The Jewish community in Durham grew slowly during the 1870s with the arrival of families that opened mercantile establishments, but gained momentum during the 1880s with the advent of cigarette manufacture by the Blackwell and Duke tobacco companies. The cigarettes were initially hand-rolled, and many of the experienced rollers came to Durham from New York; a significant portion of these new arrivals were Jewish. Many of them settled on Pine St., now South Roxboro St. The implementation of the Bonsack machine, which rolled cigarettes automatically, in 1884 eliminated demand for cigarette rollers, however.
The Jewish community established a cemetery adjacent to Maplewood in 1884 (on Morehead Ave.) but did not initially have the capital to build a synagogue. The community met for several years in rented space on Main St. Several books note that the "Jewish Church" was established in Durham in 1892, and received a state charter in 1894. In 1906, the Christian Church on Liberty moved to the former Main St. Methodist church on West Main, after that congregation became Memorial Methodist and moved to a new structure on West Chapel Hill St. The Jewish congregation then occupied the former Christian Church on Liberty St.
By 1915, it was clear that they had outgrown their structure, and the city wished to extend Queen St. north of Liberty St., which would demolish the synagogue.

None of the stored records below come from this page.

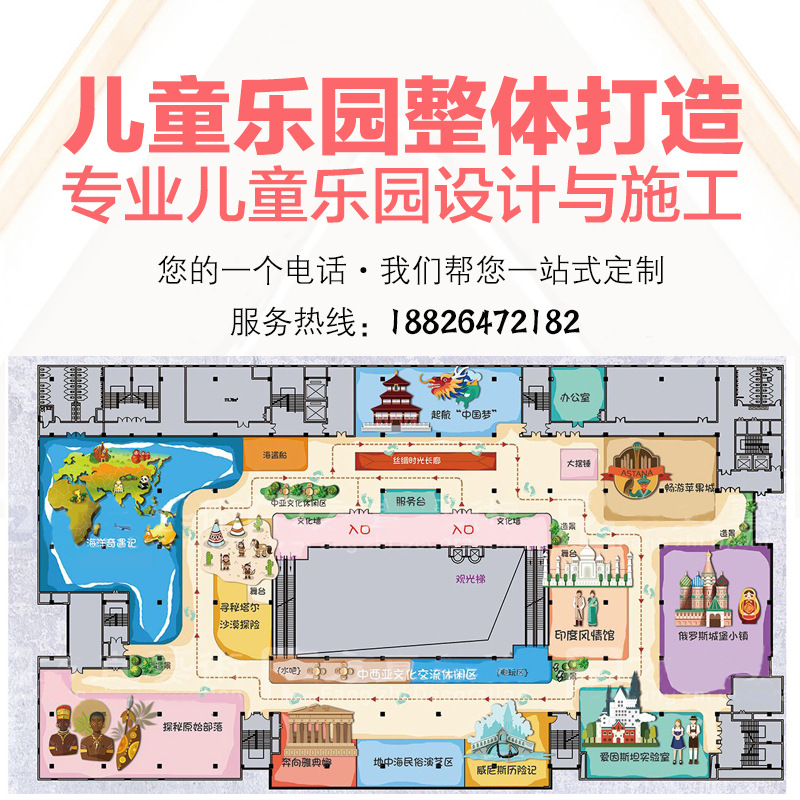 indoor Children’s Playground Playground Equipment Mischievous Castle Parenting RIZ-ZOAWD Decoration small-scale Playground plan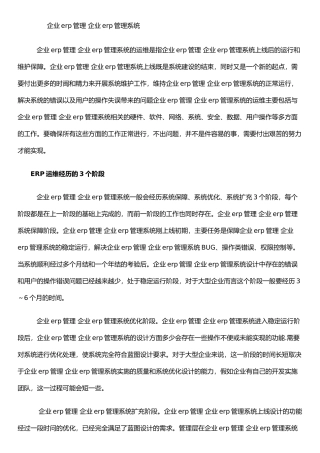 企业erp管理-企业erp管理系统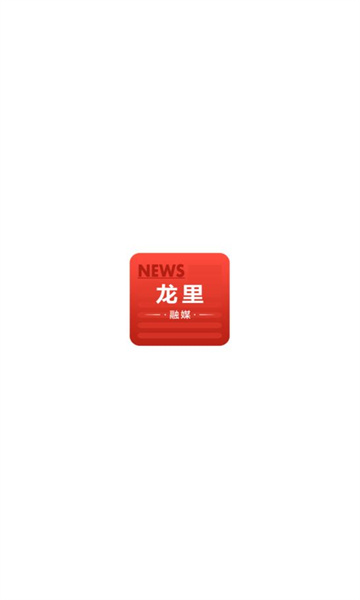 龍里融媒 v1.0.0 手機(jī)版 0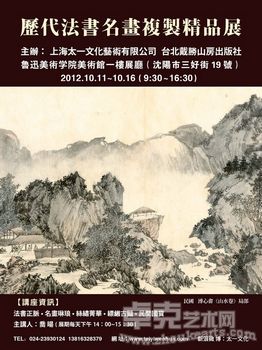 历代法书名画复制精品展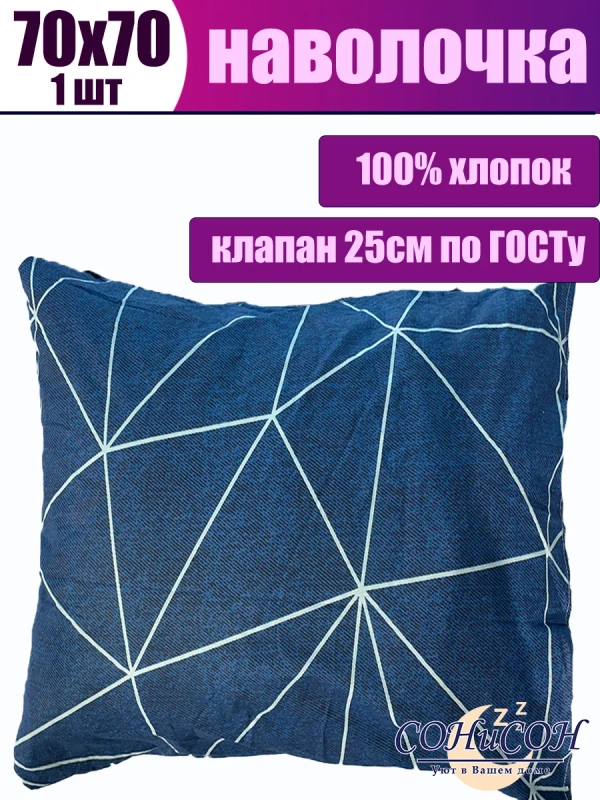 Наволочка 70х70 хлопок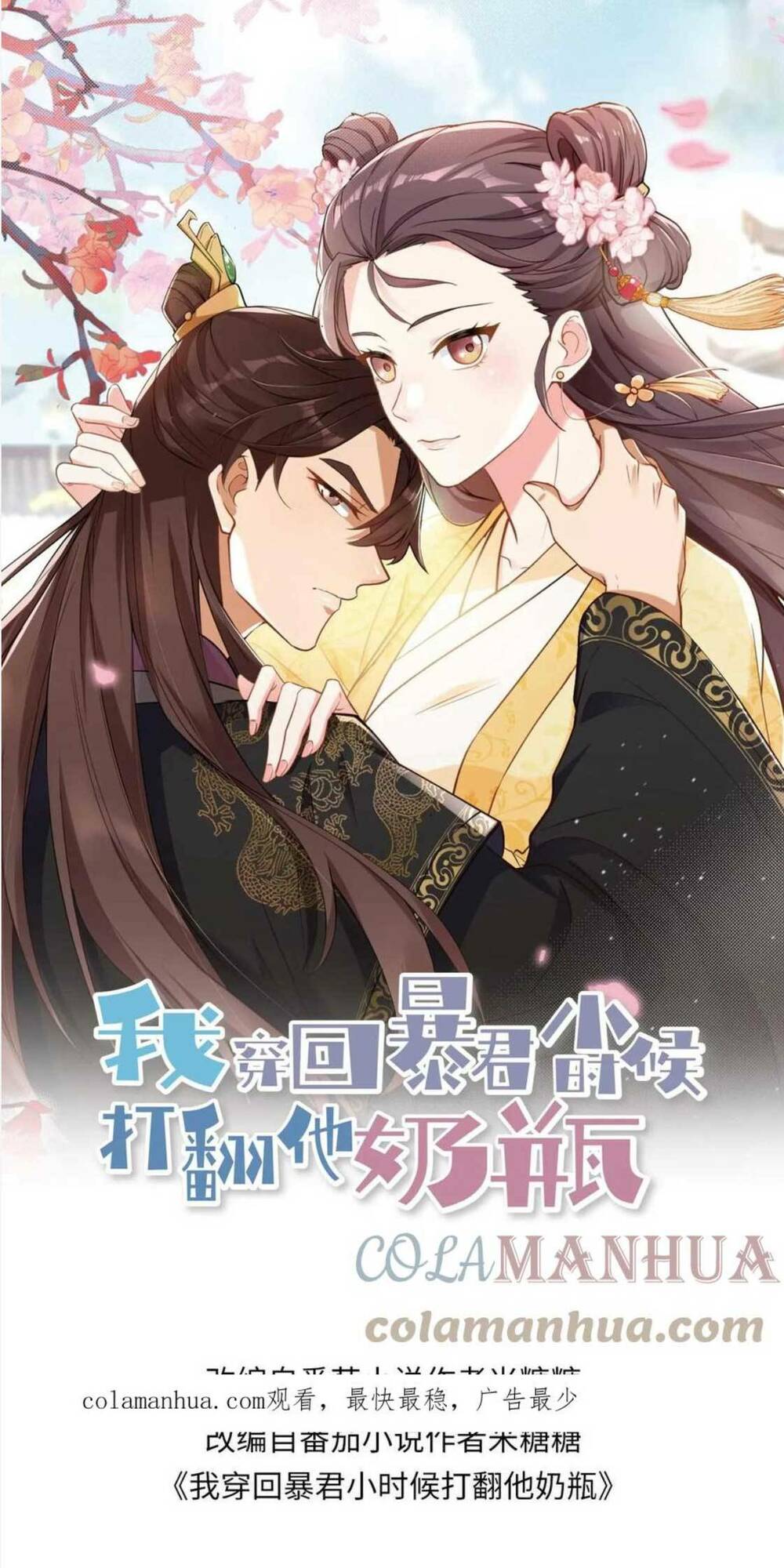 Ta Xuyên Về Hồi Nhỏ Của Đại Bạo Quân , Để Đánh Vỡ Bình Sữa Của Hắn: Chapter 4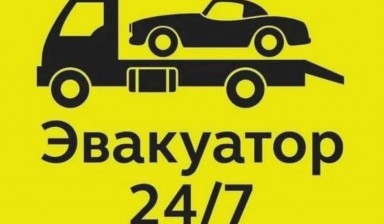 Объявление от Олег: «Эвакуатор до 5 тонн Валдай» 4 фото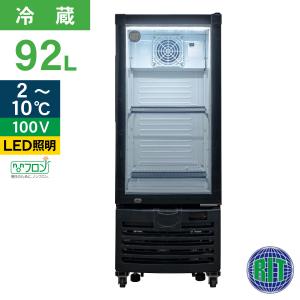 JCM(業務用厨房機器) ☆キャンペーンSAEL☆ RITS-96-TO 業務用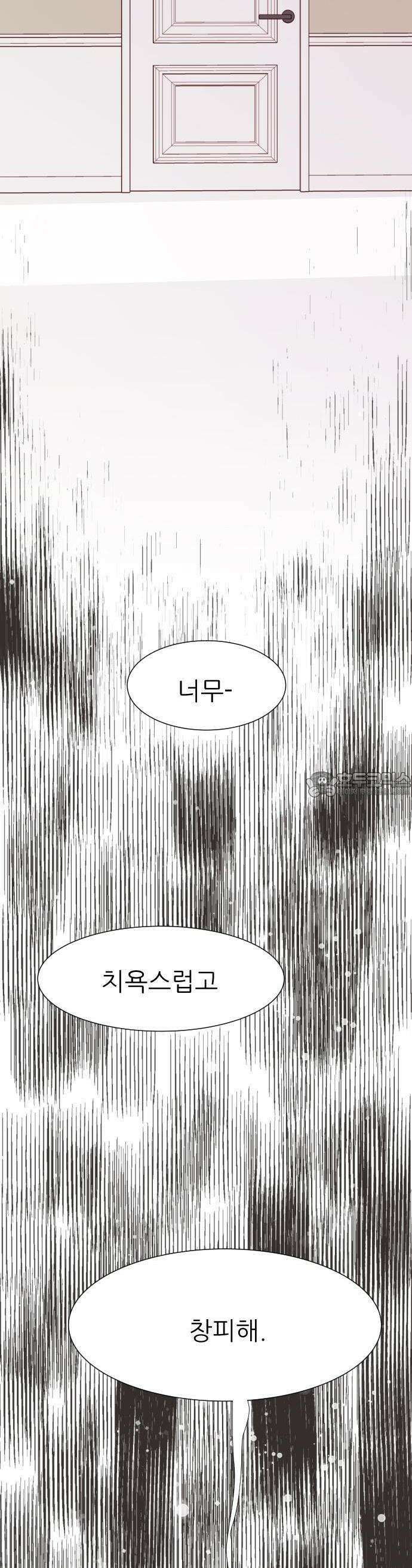 [BL]네가 먼저 좋아했잖아! 07． 날 벌해줘． 23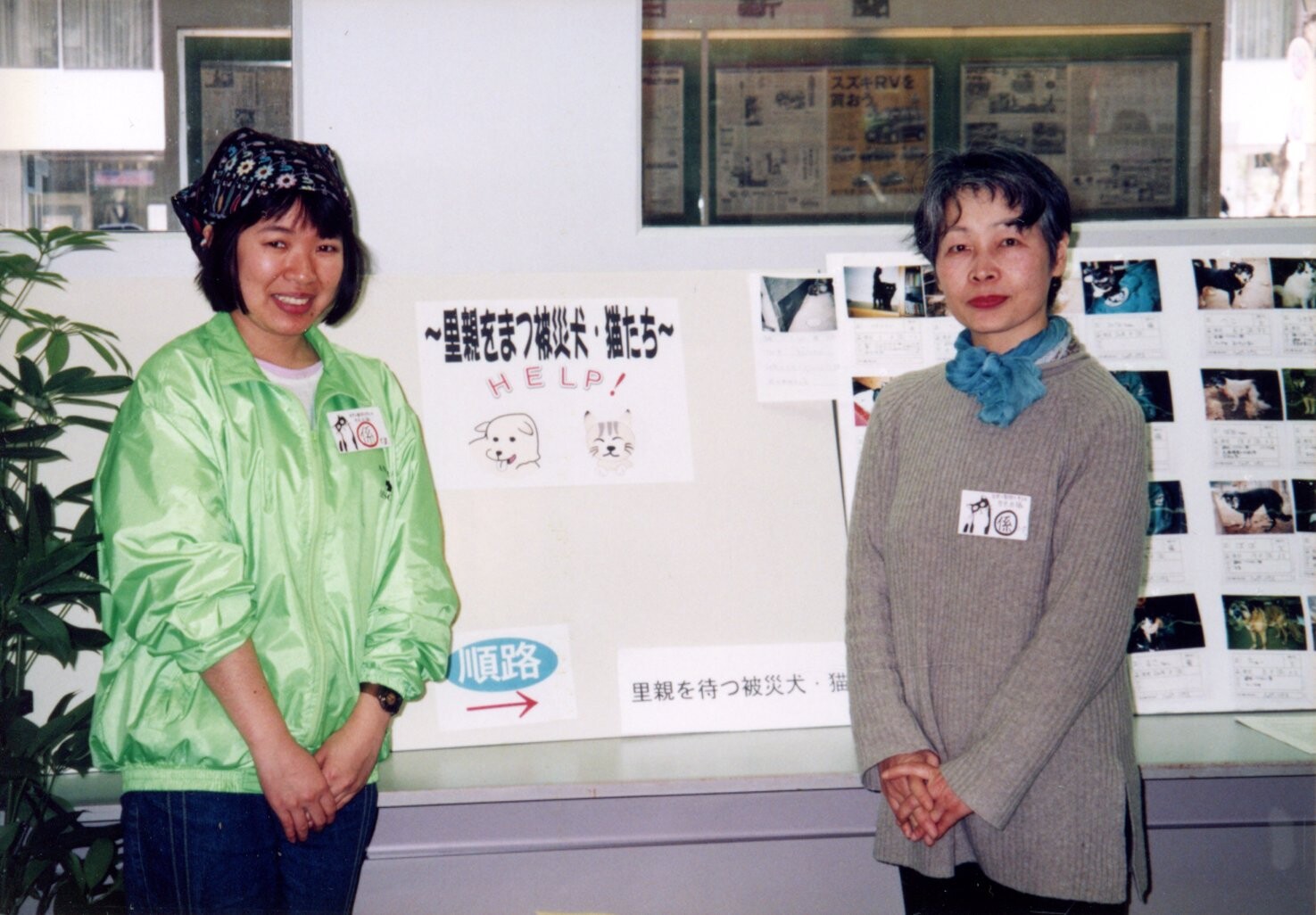 イベント（場所不明）No5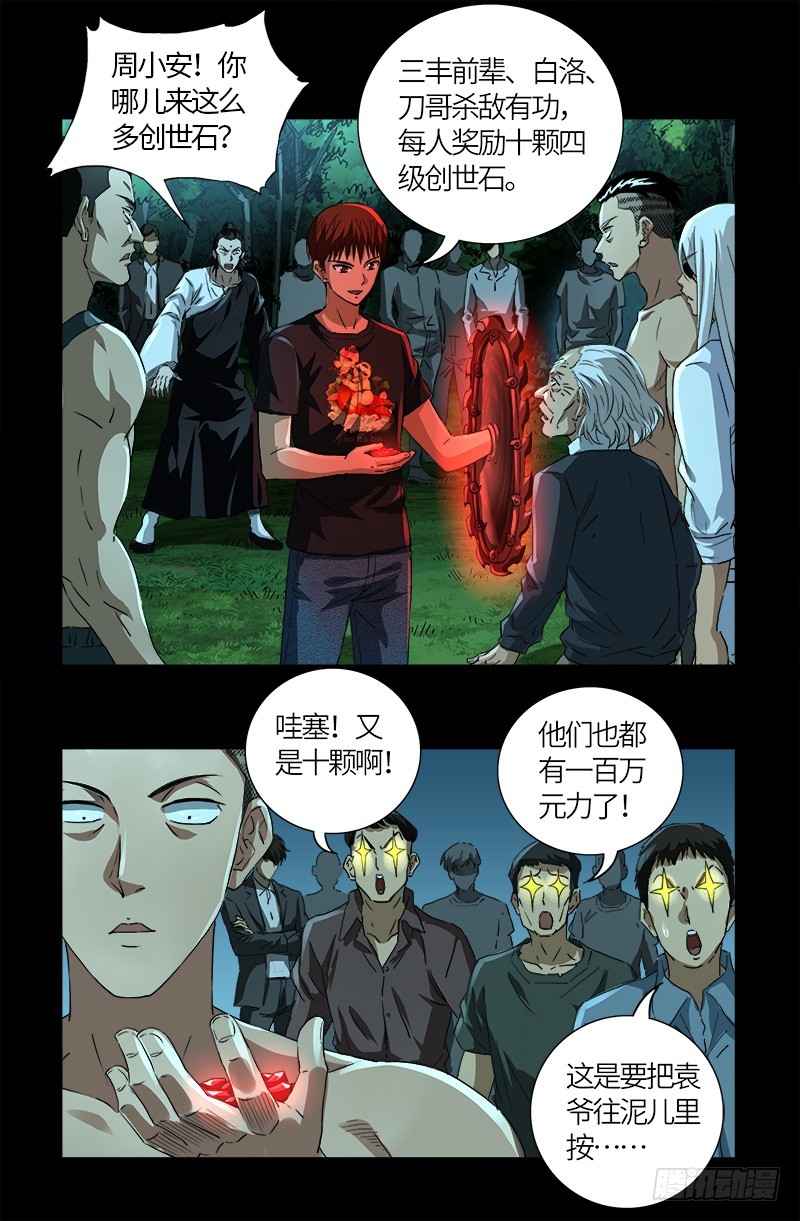 第603话 最强公民-第588话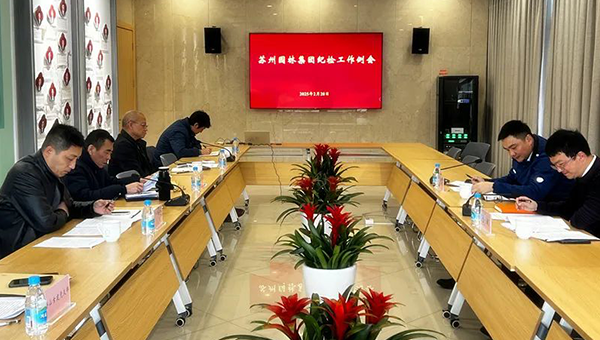 尊龙凯时[苏州景物园林设计,苏州景物园林施工,苏州文物古建修缮,苏州香山制造,苏州园林设计,苏州景物园林设计,苏州园林制造,苏州景物园林制造,苏州古修建修复]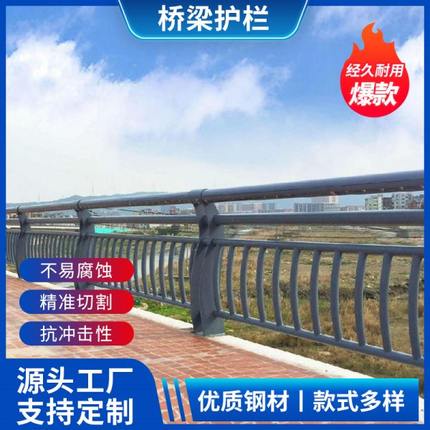 行道复合光桥不锈钢围栏栏杆护栏景观灯桥梁高人防撞河道管架镀锌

The congregation paid $1602.25 for the land. On August 29, 1920, the cornerstone of the new structure, to be built by CC Hook, on the southeast corner of the brand new intersection of N. Queen St. and Holloway St., was laid. The new structure, built at a cost of $28,000 was completed in 1921. The congregation became known as Beth-El coincident with their move.
A partially obscured view, looking south from Holloway St., 1924
The interior of the synagogue was divided into an upstairs and a downstairs; during services, the women would sit upstairs, and the men downstairs.
Beth-El in the 1950s, looking south from Holloway St.
(Beth El Synagogue / Sidney Markman)
In 1957, the synagogue moved again, to Watts St. in Trinity Park. This building became the Bethel Baptist Church, a predominantly African-American congregation.
Looking southeast from N.Queen and Holloway, 1963.
Looking south on Queen Street, 1968
The building was taken by the city via urban renewal and demolished in the late 1960s. This portion of Queen St. was closed (again - although it remains open to the north.) It is now the northwest corner of the Raleigh TV Embassy Compound - er, I mean, WTVD.